Timezone issue with default double filtering of timestamps in Spark

ntim · July 25, 2017, 8:54am

Hi,

I am using Spark 2.1.1 (PySpark) and Elasticsarch 5.4.2. Using the default values (double filtering enabled, strict mode disabled), the following code snipped misses up to 66 % of the 33M documents stored in the indexes depending on the width of the time window:

docs = spark.read.format('org.elasticsearch.spark.sql')\
    .option('pushdown', True)\
    .option('double.filtering', True)\
    .option('strict', False)\
    .load('index-*/type')
# Start and stop time
start = datetime.datetime(2017, 5, 1, 0, 0)
stop = datetime.datetime(2017, 5, 5, 0, 0)
# Loop through time window in steps of e.g. 3 hours
step = datetime.timedelta(hours = 3)
while now < stop:
    # Remember the counts to compute the sum of all retreived documents...
    count = docs\
        .filter(docs.timestamp >= now)\
        .filter(docs.timestamp < now + step)\
        .count()
    now += step

The timestamp filter is pushed down correctly:

17/07/25 07:51:46 DEBUG DataSource: Pushing down filters [IsNotNull(timestamp),GreaterThanOrEqual(timestamp,2017-05-01 00:00:00.0),LessThan(timestamp,2017-05-01 03:00:00.0)]

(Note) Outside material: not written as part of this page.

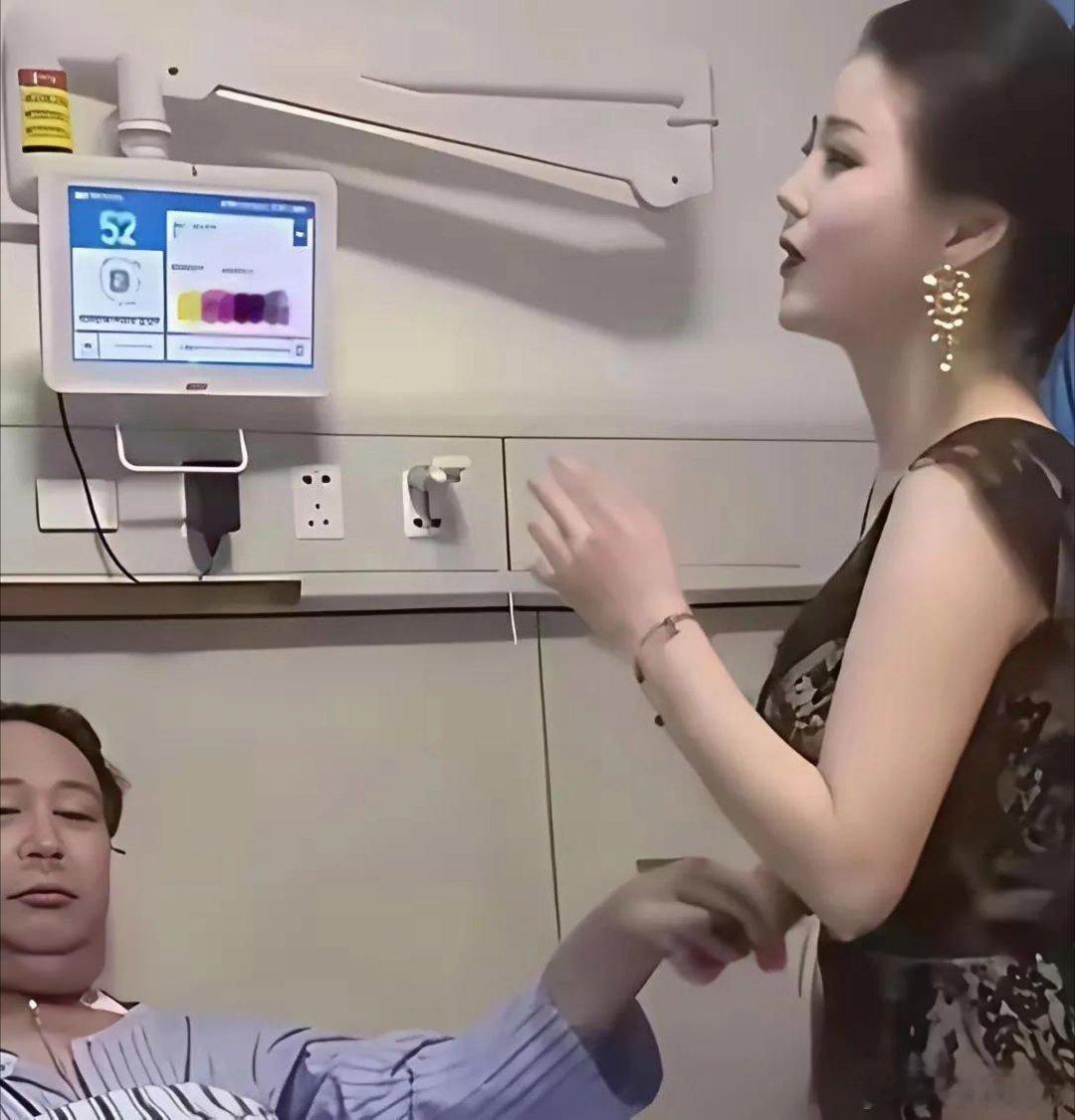 老公住进ICU，老婆还精心打扮去控望。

Setting "double.filtering" to "False" reduces the fraction of missed documents to 1.5 % consistently for several time windows which might point to a internal timezone conversion issue between python and elasticsearch.

Setting the timezone to the datetime objects does not improve the situation.

system · August 22, 2017, 8:54am

This topic was automatically closed 28 days after the last reply. New replies are no longer allowed.